Multi-Domain Spectral Method for Initial Data of Arbitrary Binaries in General Relativity

TL;DR

This paper introduces a multi-domain spectral method for generating initial data of arbitrary binary systems in General Relativity, capable of handling black holes, neutron stars, and mixed binaries with high accuracy and efficiency.

Contribution

The method utilizes adapted conformal coordinates and multi-domain spectral expansions to construct initial data for various binary configurations, including black holes and neutron stars, with high precision.

Findings

Successfully constructed initial data for binary black holes and neutron stars.

Achieved high accuracy with moderate computational effort.

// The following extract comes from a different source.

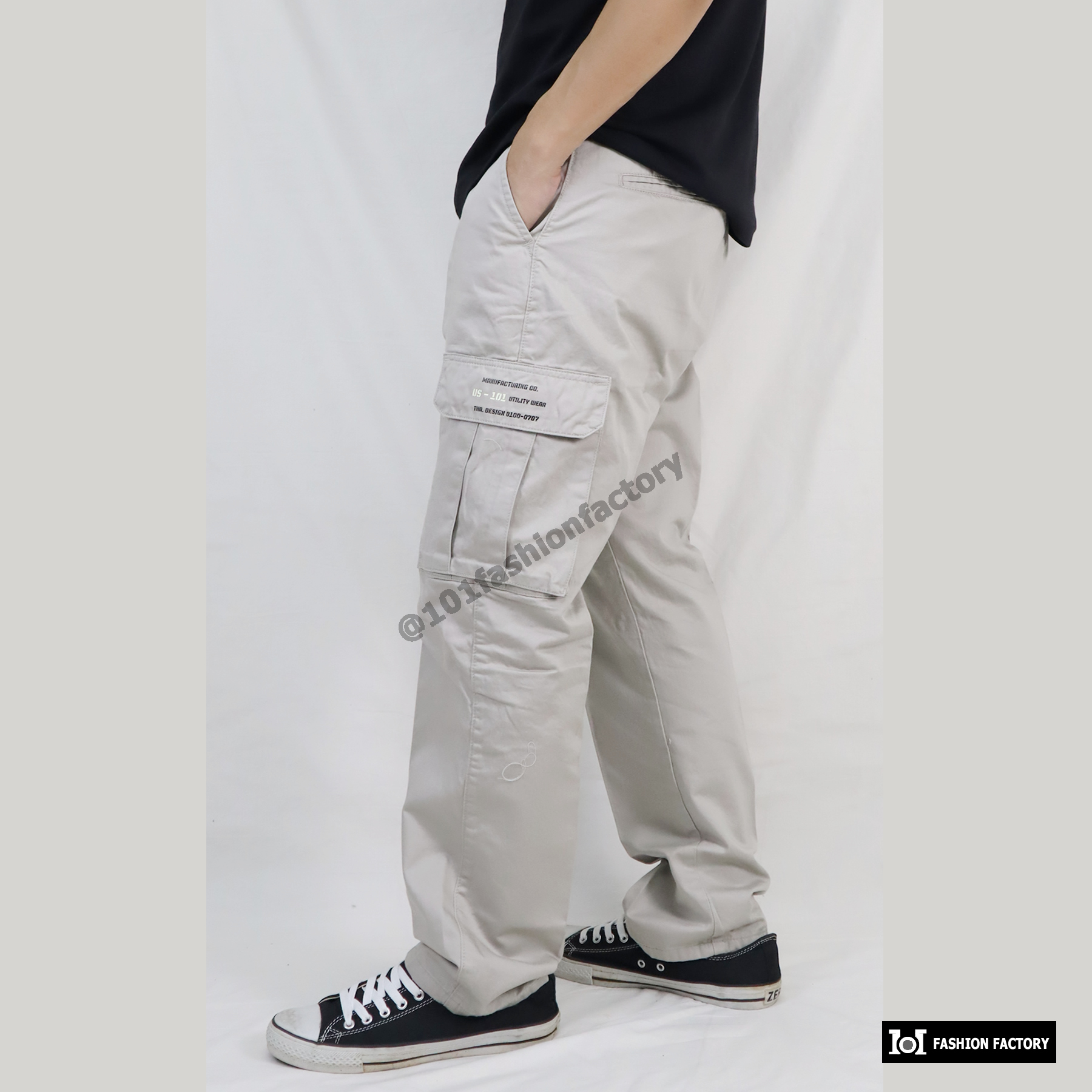 กางเกงคาร์โก้กระเป๋าข้าง NO.707/2 ขาตรงทรงหลวมกระบอกธรรมดา สีครีม | 101FashionFactory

Applicable to extreme cases like large mass ratios.

Abstract

We present a multi-domain spectral method to compute initial data of binary systems in General Relativity. By utilizing adapted conformal coordinates, the vacuum region exterior to the gravitational sources is divided up into two subdomains within which the spectral expansion of the field quantities is carried out. If a component of the binary is a neutron star, a further subdomain covering the star's interior is added. As such, the method can be used to construct arbitrary initial data corresponding to binary black holes, binary neutron stars or mixed binaries. In particular, it is possible to describe a black hole component by the puncture ansatz as well as through an excision technique. First examples are given for binary black hole excision data that fulfill the requirements of the quasi-stationary framework, which combines the Conformal Thin Sandwich formulation of the constraint equations with the Isolated Horizon conditions for black holes in quasi-equilibrium. These numerical solutions were obtained to extremely high accuracy with moderate computational effort. Moreover, the method proves to be applicable even when tending toward limiting cases such as large mass ratios of the binary components.